Akram Abd al-Azeez Mansour was arrested on 2 August 1979, at the
age of 16. He has been in prison for over 30 years, which makes him the
longest-held prisoner in the West Bank governorate of Qalqiliya. His sister
Amal tells PCHR, “he was sentenced to life for participating in the
Palestinian national struggle. That is not a crime someone should have to spend
his whole life in prison for.”
“At the outbreak of the al-Aqsa Intifada, they began to limit
the visits. Then they said his name had been lost from the computer system and
he had lost his citizenship. How could he have lost his citizenship if he is in
prison and they have his identity card? Because of this, I was unable to visit
him for three years. We received no news during that time.” Akram’s mother
initially visited him, but she and his father, as well as one sister, have
died; Akram was unable to attend their funerals. He has been moved from one
prison to another multiple times, but the last three years he has spent in
Naqab prison, in the Negev desert. “I am the only one who visits him in
Naqab prison, but recently two of our sisters also got permission to see
him.” The last time Amal was scheduled to see her brother was during
Ramadan: “Although I can visit him every month, I couldn’t go then because
it is so hard. I was fasting and the trip is so long and the desert is so hot.

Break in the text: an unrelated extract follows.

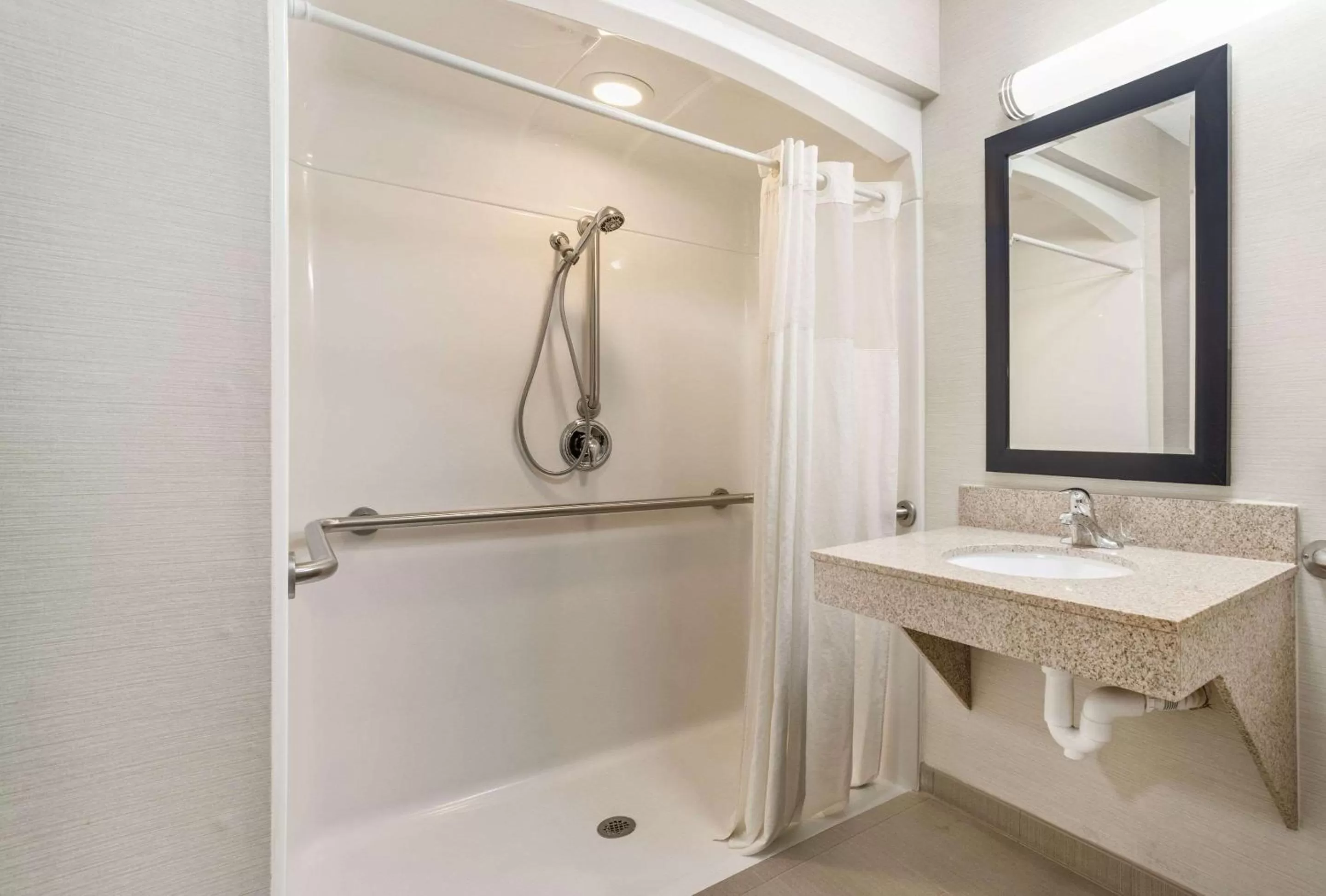 Bathroom in Quality Inn Effingham North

I get so tired even before I see him.”
For Amal, the visits are physically and emotionally strenuous, and
at times humiliating. “Every time we want to visit Akram, we leave the
house early in the morning and take a Red Cross bus to al-Teereh terminal.

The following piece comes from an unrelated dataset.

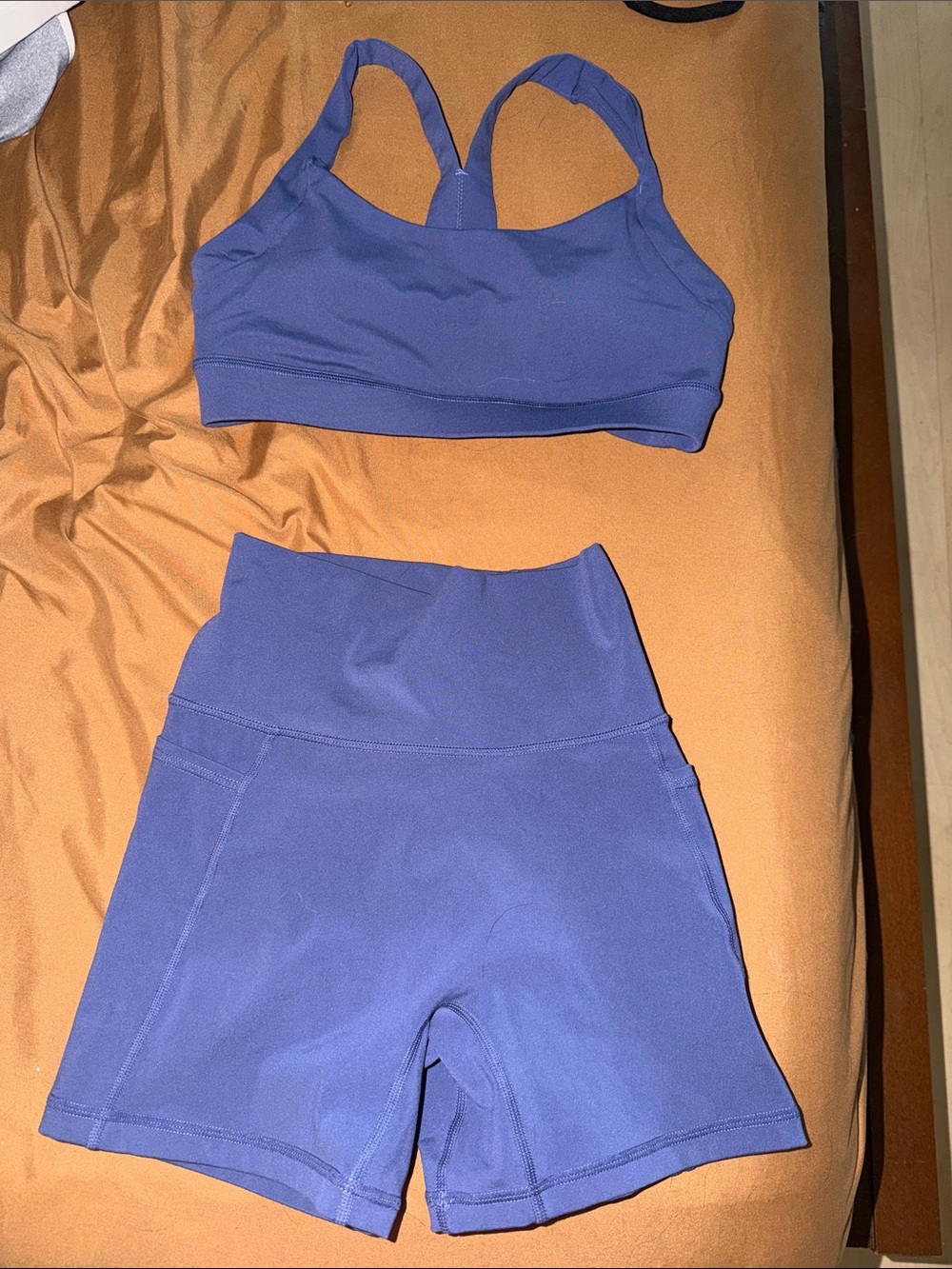 LSKD Future Dusk Activewear Set - Sports Bra & High-Waist Shorts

Sometimes there are workers in front of us at the checkpoint, making our wait
even longer. One time when I was going with my sister – who has undergone heart
surgery – the computers were not working properly and the doors did not
open. We were trapped in a small room
for three hours, it was very hot. The crowdedness and the heat were very
dangerous for my sister because she has a serious heart condition.”

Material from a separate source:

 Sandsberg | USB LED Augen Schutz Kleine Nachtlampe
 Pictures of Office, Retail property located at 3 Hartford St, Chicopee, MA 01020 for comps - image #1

“During the inspections inside the terminal, they sometimes
take our water from us and throw it away although we need it for our long trip
across the desert. Last time, my sister was taken into a special armored room
for a search. She was ordered to take off her pants but she refused. She was
only going to visit her brother! She was also afraid that there might be
cameras. She was really afraid. She felt like someone who was entering a brothel,
although she was just visiting her brother. It was the first time she faced
such a situation. She was shocked.”
“At the prison, we get searched again, and we wait for a long
time for our names to be called. Once they left us sitting in the hall for
hours – they claimed they had forgotten about us. We really suffer a lot during
these visits. When I finally see Akram, there is thick glass in between us and
a telephone. We speak through the telephone. Some of what he says I hear, but
most of it I can’t understand. But I get shy about constantly asking him to
repeat what he is saying because I am afraid he will be angry or sad. It is a
large hall with the prisoners sitting on one side, and we across from them on
the other side of the glass. Maybe there is a problem with the
telephones.”
Akram’s sentence was altered to 35 years, but a quick release is
vital, says his family: “Akram is very sick. He has ear problems, a
stomach illness, he cannot see on his left eye, and he has been suffering from
severe headaches for years. We hope his released soon, so he can get the
necessary medications once he is out of prison. His illness is serious and we
are afraid. In prison, they only give him Paracetamol.” While the prison
doctor said that Akram would need to get X-rays done to further investigate his
condition, the prison administration continues to delay such medical
examinations: “Every month they promise to get an X-ray done, but then
they say they need to bring in a specialist and re-schedule the appointment for
the following month.” In general, Amal says, the prison conditions are
inhumane: “He is a human being and he is imprisoned in a desert. They do
not eat or drink appropriately for human beings. The tents the prisoners live
in are overcrowded, and often Akram cannot sleep because the others in the tent
stay up at night.”
Four of Akram’s ten sisters are married and live in Jordan. They
visit the West Bank, but leave without being able to see their brother in
prison. “They have even forgotten what he looks like. This is the saddest
thing for us, that they come to visit, but they cannot see him.” After the
family contacted Mahmoud Abbas, the Palestinian President requested that Israel
release 49-year old Akram soon, but nothing has happened so far. The family now
hopes that a prisoner exchange with Gilad Shalit, the Israeli soldier held in
the Gaza Strip, will free Akram. “He wants to be free and see his
relatives. He says if he could be free and live with them for just one day, he
wouldn’t mind if he died the next day! I wonder, isn’t it his right as a human
being to live free like other people in this world? To live and get married and
have children? We have become emotionally exhausted from waiting for so long,
both Akram and us, his family. He has been patient for a long time.”